Teharje

from Wikipedia, the free encyclopedia
Monument in the memorial park in the former Teharje / Tüchern camp
Wreaths at the memorial - from Slovenia, Austria and Romania
St. Martin Church

Teharje ( German cloths ) is a suburb and district of the Slovenian city ​​of Celje (Cilli) and is located east of the city center on the Celje- Maribor railway line . It had 256 inhabitants at the 2002 census.

history

During the Second World War , the Wehrmacht set up a military camp for around 500 men with six living quarters and around ten functional barracks in 1943, which at times served as a training camp for the Hitler Youth . Towards the end of the war, the Germans locked prisoners there who were used in the defense of Cilli.

The camp was abandoned at the end of the war, but after the prisoners were extradited by the British in Bleiburg to Yugoslavia , it was used again as a prison camp by the victorious partisan army at the end of May 1945. On May 31, 1945, the “Rupnik Battalion” was brought in (previously led by Vuk Rupnik , Leon Rupnik's son ) and, in the following days in June, another 3,000 or so members of the Slovenian Home Guard . In addition to Domobranzen and civilians seen as opponents, Germans from Lower Styria and Gottschee were also held here.
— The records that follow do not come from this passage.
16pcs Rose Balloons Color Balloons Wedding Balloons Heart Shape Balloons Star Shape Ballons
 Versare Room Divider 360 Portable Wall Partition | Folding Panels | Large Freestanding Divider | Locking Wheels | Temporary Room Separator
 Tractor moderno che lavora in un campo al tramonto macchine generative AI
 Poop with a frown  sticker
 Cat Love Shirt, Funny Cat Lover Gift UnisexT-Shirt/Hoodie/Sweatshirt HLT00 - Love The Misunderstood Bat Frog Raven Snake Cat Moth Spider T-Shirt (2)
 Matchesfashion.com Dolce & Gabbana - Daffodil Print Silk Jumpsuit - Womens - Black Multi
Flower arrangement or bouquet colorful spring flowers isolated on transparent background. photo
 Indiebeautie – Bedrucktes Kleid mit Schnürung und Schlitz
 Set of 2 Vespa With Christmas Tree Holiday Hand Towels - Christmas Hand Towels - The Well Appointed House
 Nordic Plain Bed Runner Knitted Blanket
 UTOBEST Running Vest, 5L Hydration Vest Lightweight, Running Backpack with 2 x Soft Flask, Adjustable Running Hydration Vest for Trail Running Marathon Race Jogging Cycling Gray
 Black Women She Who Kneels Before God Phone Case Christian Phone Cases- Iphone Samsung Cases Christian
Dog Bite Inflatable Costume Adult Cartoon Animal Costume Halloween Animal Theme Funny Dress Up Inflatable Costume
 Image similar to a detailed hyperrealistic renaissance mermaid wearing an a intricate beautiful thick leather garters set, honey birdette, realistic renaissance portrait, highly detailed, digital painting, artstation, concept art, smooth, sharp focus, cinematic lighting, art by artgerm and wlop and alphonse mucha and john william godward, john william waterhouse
In 2008 the Slovenian EU Council Presidency held a hearing on “crimes of totalitarian regimes”, during which Teharje was also discussed in more detail. Some of the internees in the Teharje camp were subsequently executed in the immediate vicinity, but most were killed in the vicinity of Stari Hrastnik , Trbovlje and Laško , many of them in abandoned mines . Of the several thousand camp inmates in Teharje in May and June 1945, only a small number of civilians and around 400 underage members of the Slovenian Home Guard survived. These were released after an amnesty on August 3, 1945, but some were killed on the way home. A former partisan testified in 1994 that in June 1945 he had brought domobranzen captured from the Teharje camp to the Barbara tunnel in the Huda Jama mine near Laško for execution . As with the prisoners, the partisans guards were also Slovenes. Within five days, four trucks drove two to three times a day until the mine was full. The number of victims who were killed in Teharje immediately after the end of World War II without a trial is estimated at 5,000.

In 1946 Teharje served as a labor camp and was closed in October 1946.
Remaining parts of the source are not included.